A ideia de que vivemos numa sociedade cada vez mais individualista, sob o reinado do cada um por si, pode em breve dar lugar a outra, que vem crescendo silenciosamente. O que se passa, neste inicio do século XXI, é uma verdadeira mudança de paradigma, de acordo com muitos pensadores da atualidade. Para se ter uma ideia exata do que falamos, é preciso se desprender por um instante da nossa forma atual de olhar para a sociedade contemporânea.
A corrida aos lucros permanece e as relações sociais ainda estão marcadas pela desconfiança mas, mesmo assim, uma nova cultura do “nós” está emergindo. Uma tendência à valorização da solidariedade já é particularmente visível nas redes sociais, onde comunidades de “compartilhadores” de toda espécie vem surgindo. Trocas, acordos de permuta, intercâmbio de apartamentos, compras coletivas, financiamentos participativos: uma nova economia colaborativa já se estabeleceu.
Nos últimos 60 anos, houve primeiro uma explosão das psicoterapias e das práticas de desenvolvimento pessoal. A seguir, a afirmação de uma consciência ecológica de amplitude inédita vem se dando: poderiam estes movimentos já ser considerados manifestações de uma outra forma de pensar a existência? A verdade é que cada vez há mais engajados na tarefa de encontrar uma nova maneira de “fazer” a sociedade, preservando-lhe os recursos naturais e buscando um bem-estar coletivo.
Na atual cultura do individualismo, as relações interpessoais foram esvaziadas de tal forma que o “outro” foi reduzido a um simples objeto, estando ali apenas para prover o prazer de alguém. O que passou a valer para cada um foi o engrandecimento do seu “eu”, às custas do outro. Se nos voltarmos para o fato de que, nos tempos atuais, a visão que se tem do mundo dá-se a partir de um ponto de vista auto centrado, de onde não é possível sequer notar a existência do outro, o surgimento de uma nova filosofia de vida de regozijo, criativa, propícia aos encontros e à reinvenção do viver em comunidade, temos que admitir, é uma verdadeira revolução!
Por tudo isso é que um novo e recente olhar está atento à experiência da fraternidade. Pois ela é uma das poucas esperanças de uma espécie de “antídoto” contra o narcisismo e o modelo de sociedade que o alimenta. A fraternidade estaria deixando os laços da família (onde se originou), para ser vista como o prenúncio de um novo tipo de sociedade, onde o outro volta a ter importância para alguém.

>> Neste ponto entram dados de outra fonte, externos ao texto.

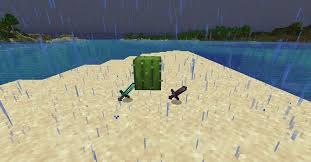 However if you feel like pouring all of your cactus knowledge into this board, go right ahead. The Dangers Of Cacti In Minecraft
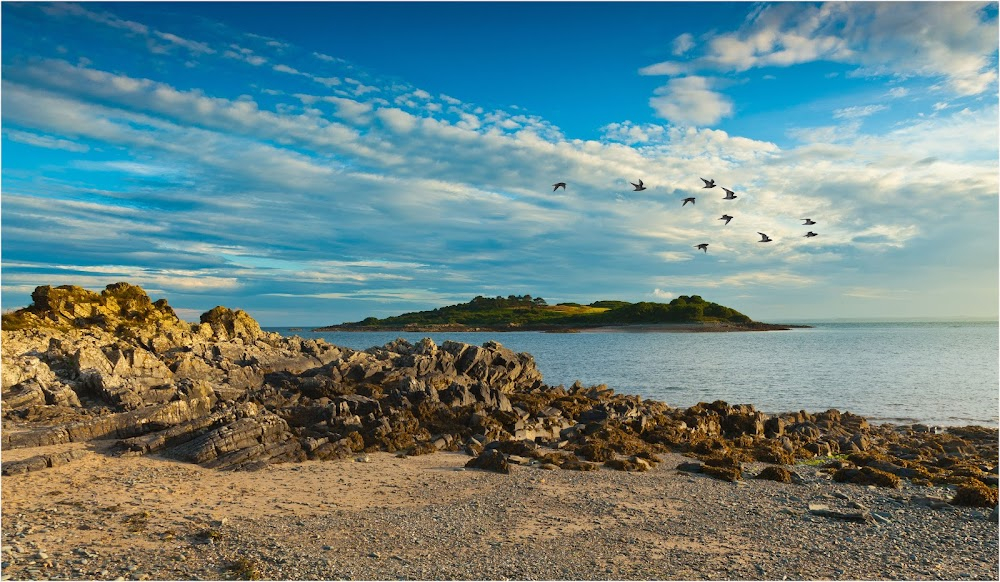 Five Red Herrings : Lord Peter Wimsey finds Henry Strachan painting the Isles of Fleet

Mas nem tudo é só otimismo em relação à possibilidade de virmos a fazer parte de uma sociedade essencialmente mais fraterna e solidária. Isso porque a fraternidade tem uma característica interessante: ela só é possível a partir do momento em que admitimos que não somos auto suficientes. De forma geral, costumamos ter em andamento, dentro de nós, um processo de recusa em aceitarmos nossa própria fragilidade e dependência dos outros. A sensação de desamparo, inerente à condição humana, nos leva ao impasse: ou acatamos a ideia de que precisamos do outro como um igual (que então poderá nos ajudar na insegurança que ela nos causa), ou nos agarramos à nossa ilusória (e narcísica) crença numa auto suficiência. A sensação ilusória de auto suficiência se coloca em cena quando nossa onipotência prevalece e desfaz internamente na pessoa o sentimento de precariedade, trazendo um certo “conforto”.
Quando mantemos nosso foco somente em nós mesmos, o nosso “eu” se hipertrofia, e nos insufla uma crença em nossa auto suficiência. Por todo este jogo de forças em nosso mundo interior, é que os que estudam o assunto acreditam que, apesar dos avanços, o maior obstáculo à formação de uma sociedade fraterna e igualitária seria este traço de onipotência, que dissolve de imediato, sem piedade, qualquer impulso de solidariedade.